Menchu, who was dressed in a traditional Mayan headdress, woven skirt and colorful huipil (blouse), was in Los Angeles as part of a whirlwind two-week tour of the United States, which also includes stops in Washington and the San Francisco area.
In informal talks and prepared addresses, Menchu has emphasized initiatives to bring peace to war-torn Guatemala, where, according to human rights groups, three decades of civil conflict have left more than 100,000 dead, 40,000 "disappeared" and 1 million displaced. Most victims were highland Indians such as Menchu, whose parents and brother were killed before she fled into exile in 1981. Her moving memoir, "I, Rigoberta Menchu," gained her international acclaim.

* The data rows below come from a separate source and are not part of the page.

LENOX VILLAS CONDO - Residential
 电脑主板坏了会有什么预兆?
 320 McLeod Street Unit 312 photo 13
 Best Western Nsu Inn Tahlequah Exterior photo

The $1.2-million Nobel Prize was used to set up the Vicente Menchu Foundation, named after her late father, a peasant leader who was killed in an anti-government protest in 1980. In her visit to Los Angeles, Menchu also stressed the plight of fellow Guatemalan exiles. About 300,000 to 500,000 live in the United States, according to informal estimates, including more than 200,000 in Greater Los Angeles.
Many Guatemalans in the United States lack legal status, leaving them vulnerable to exploitation, arrest and deportation. Activists have been pressing Congress and the Clinton Administration to grant Guatemalans so-called Temporary Protected Status, which would allow them to remain and work legally in the United States. El Salvadoran exiles received such protection in 1990.